Integrity Check: Speeding it Up or Slowing it Down

Primary tabs

While the integrity of Caché and InterSystems IRIS databases is completely protected from the consequences of system failure, physical storage devices do fail in ways that corrupt the data they store.  For that reason, many sites choose to run regular database integrity checks, particularly in coordination with backups to validate that a given backup could be relied upon in a disaster.  Integrity check may also be acutely needed by the system administrator in response to a disaster involving storage corruption.  Integrity check must read every block of the globals being checked (if not already in buffers), and in an order dictated by the global structure.

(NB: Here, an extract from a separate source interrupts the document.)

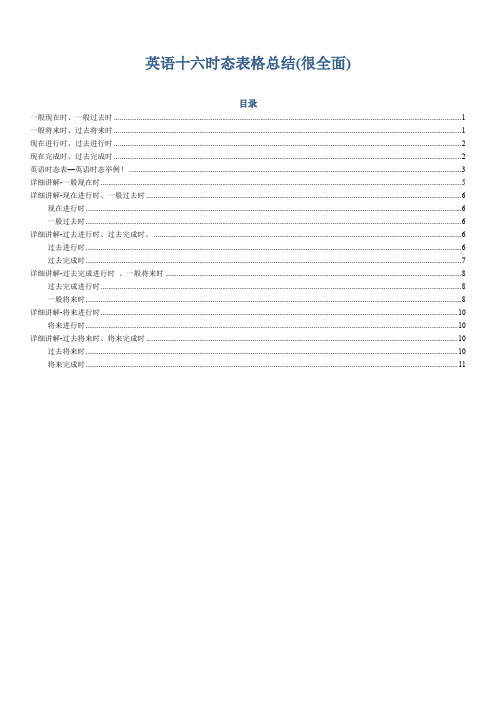 英语十六时态表格完整总结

This takes substantial time, but integrity check is capable of reading as fast as the storage subsystem can sustain.  In some situations, it is desirable to run it in that manner to get results as quickly as possible.  In other situations, integrity check needs to be more conservative to avoid consuming too much of the storage subsystem’s bandwidth. 

Plan of Attack

This following outline caters for most situations.  The detailed discussion in the remainder of this article provides the necessary information to act on any of these, or to derive other courses of action. 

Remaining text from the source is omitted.